Мне снилось, что мы прилетели: нас выбросили на московский морозец, нас опять проверяли. Мы ждали багаж. Потом была суета. Слипались глаза.
– Пристегнемся. – разбудил меня родной голос.
Идем на посадку? – спросил я сквозь сон. А, проснувшись, увидел себя в салоне «десятки».
– Сейчас будет «пост», – сказал сын. – Пристегнем ремешки.
Он выглядел независимым. Если бы не безотцовщина, в его годы я был бы таким же.
Навернулась слеза.
– Что с глазами, папуля?
– Да так…
«А у перапелачки глазки болят…» – пропел тридцатисемилетний «малыш». Болели не «глазки». Давно болело в груди.
Страдала душа – тот орган, что гнездится в недрах вселенной, в немыслимых далях, а, по сути, здесь – под рукой. Эта боль, адресуется сердцу, «транслируется» в глубь существа моего, становясь самим существом – мной самим.
Что мне тамошние вестминстеры, тауэры, и александрии? Я возвращался туда, где – мой город, моя улица, мои речки от Преголи до Суйфуна – то, чего мне последнее время так не хватало.
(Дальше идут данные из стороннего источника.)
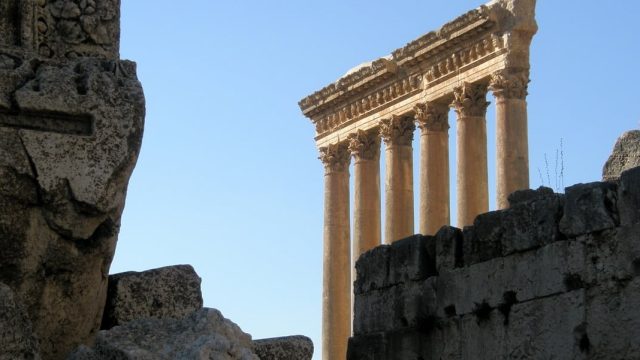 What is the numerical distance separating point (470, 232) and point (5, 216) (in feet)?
22.8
И вместе с тем, я испытывал благоговейную нежность ко всем, кто был рядом со мной и желал мне добра, ко всем ветрам озарений, пронесшимся мимо, и к той малой пригоршне их, что из жизни и снов могла зачерпнуть моя память.
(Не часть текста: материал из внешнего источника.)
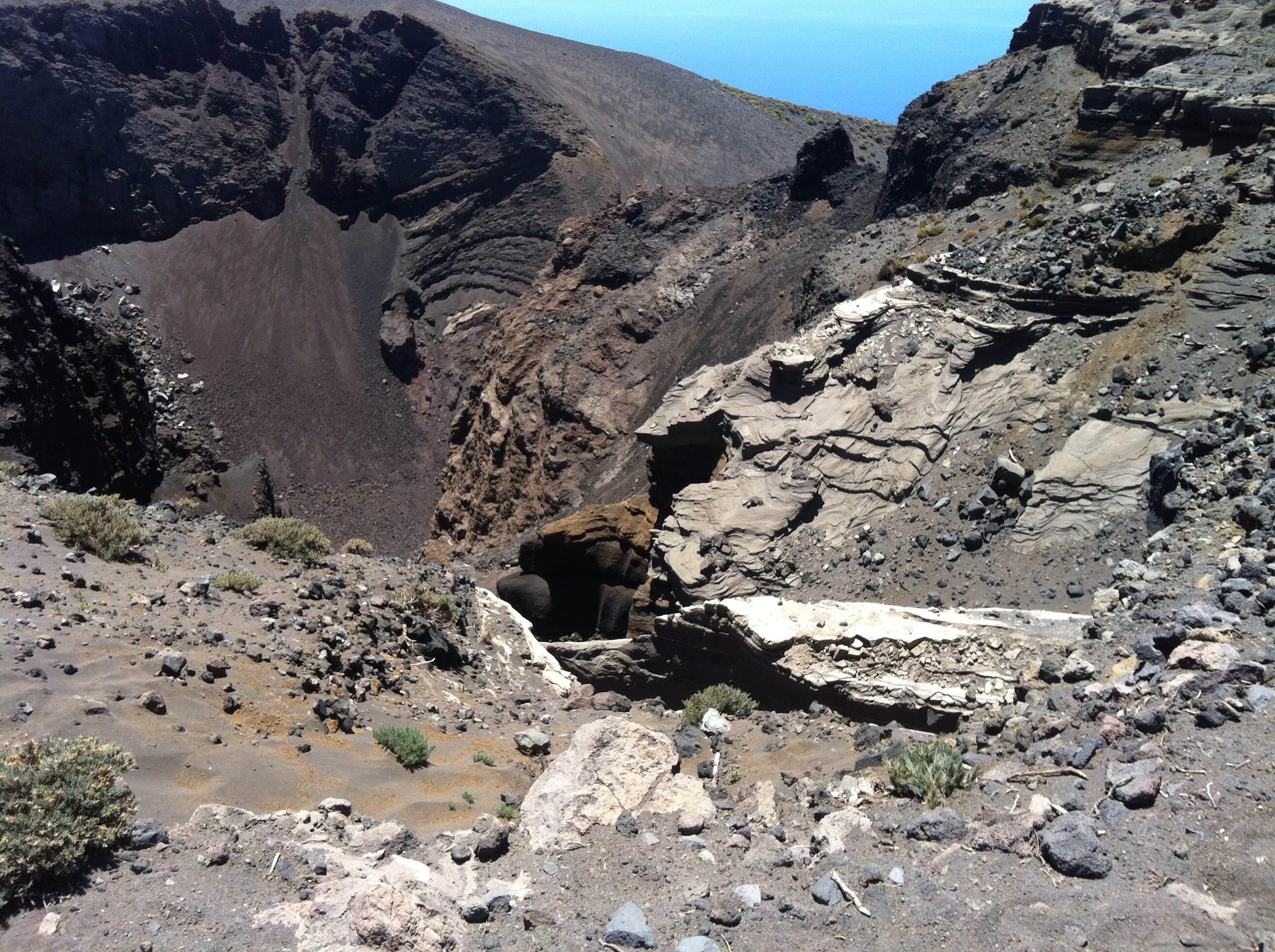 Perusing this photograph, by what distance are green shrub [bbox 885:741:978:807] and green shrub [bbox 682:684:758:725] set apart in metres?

Смежив веки, притворяюсь спящим, хотя, вроде бы, продолжаю все видеть.
Едим. Из заснеженного пространства фары выхватывают полоску шоссе. После лондонского газона, на это невозможно смотреть. Зимой – все бело от Москвы до Суйфунской долины. Снег сообщает чувство оторванности, и портит характер. Так и хочется завестись, и, хрипя, под Высоцкого, рвать на груди «тельняшку».
Когда у нас собираются «погудеть», – шумят: «Ну что, мужики, – понеслась?»
– Понеслась!
А любознательному, которого угораздит спросить: «Куда же несешься ты, Русь, дай ответ?» – такой могут дать ответ, что в другой раз спрашивать не захочется.
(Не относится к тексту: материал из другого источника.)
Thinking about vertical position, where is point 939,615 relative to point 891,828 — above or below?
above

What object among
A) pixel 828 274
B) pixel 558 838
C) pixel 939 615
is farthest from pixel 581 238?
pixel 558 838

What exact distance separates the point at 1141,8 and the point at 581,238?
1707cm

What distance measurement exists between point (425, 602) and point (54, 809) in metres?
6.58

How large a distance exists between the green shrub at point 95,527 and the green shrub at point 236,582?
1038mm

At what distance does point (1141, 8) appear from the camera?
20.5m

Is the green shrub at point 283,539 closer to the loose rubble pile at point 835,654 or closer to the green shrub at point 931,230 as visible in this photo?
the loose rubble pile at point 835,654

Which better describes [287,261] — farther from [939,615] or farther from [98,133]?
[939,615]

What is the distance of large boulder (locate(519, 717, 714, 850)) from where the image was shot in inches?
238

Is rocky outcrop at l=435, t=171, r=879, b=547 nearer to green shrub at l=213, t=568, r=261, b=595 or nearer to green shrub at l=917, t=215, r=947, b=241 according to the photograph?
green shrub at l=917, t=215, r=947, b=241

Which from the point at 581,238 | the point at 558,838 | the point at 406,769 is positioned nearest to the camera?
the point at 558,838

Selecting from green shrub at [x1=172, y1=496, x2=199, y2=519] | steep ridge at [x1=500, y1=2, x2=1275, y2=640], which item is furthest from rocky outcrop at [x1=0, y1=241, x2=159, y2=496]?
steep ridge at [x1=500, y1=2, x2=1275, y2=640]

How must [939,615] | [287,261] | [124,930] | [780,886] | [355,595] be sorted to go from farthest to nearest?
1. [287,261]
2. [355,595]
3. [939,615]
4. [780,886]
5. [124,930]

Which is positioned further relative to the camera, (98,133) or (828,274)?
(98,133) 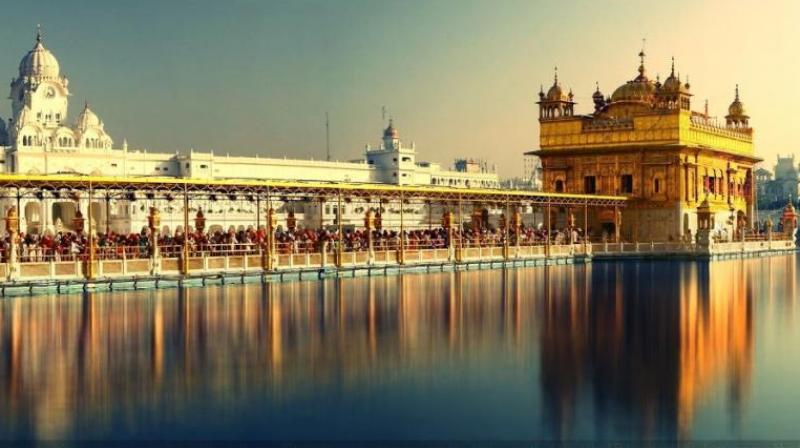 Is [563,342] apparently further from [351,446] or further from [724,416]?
[351,446]

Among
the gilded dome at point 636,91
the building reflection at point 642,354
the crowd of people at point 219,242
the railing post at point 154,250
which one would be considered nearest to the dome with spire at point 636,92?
the gilded dome at point 636,91

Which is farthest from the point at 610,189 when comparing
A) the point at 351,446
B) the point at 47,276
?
the point at 351,446

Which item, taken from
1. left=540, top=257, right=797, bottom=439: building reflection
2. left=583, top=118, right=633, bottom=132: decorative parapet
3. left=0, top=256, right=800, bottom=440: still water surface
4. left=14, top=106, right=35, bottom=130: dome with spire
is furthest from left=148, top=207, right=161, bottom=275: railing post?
left=14, top=106, right=35, bottom=130: dome with spire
Только Русь, главным образом, – не мужички, а лучшие на всем свете Женщины.
– Что тебе снилось, папуля?
– Будто я летал в Лондон. А теперь возвращаюсь домой.
Ах, ты мой фантазер!? – улыбается сын, не сводя глаз с дороги.
В свете фар мелькнул хухр. Он махал, как дошкольник машет всем проезжающим. Появился еще один хухр и еще, и еще. Они собирались в толпы приветствующих.
Я махал им, как еле живой Папа Римский на папамобиле. Я, действительно, был теперь еле живой.
Звезды плыли среди облаков. А под ними искрились глаза. Я махал и махал. Сын спросил: «Кому машешь?».
– Вчерашнему дню.
– И каким же он был?
– Всего в меру.
– «Счастье – в мере». – сказал философ-Конфуций.
– А Платон называл философию приготовлением к смерти.
То была малозначащая болтовня очень близких людей, не желающих ранить друг друга словами.
На востоке уже слегка брезжило. Звезды казались еще холоднее. Мы выезжали на «Кольцевую»…
За дорогой, раскинув ручки, как бумажные самолетики, хухрики дружно взмывали в небо и стаями уносились на запад, в свой изумительный храм – «Риджнс Парк», где живут «фея» Клео, жизнерадостный Смит и старый лорд Кромвер[1] с маленькой внучкой.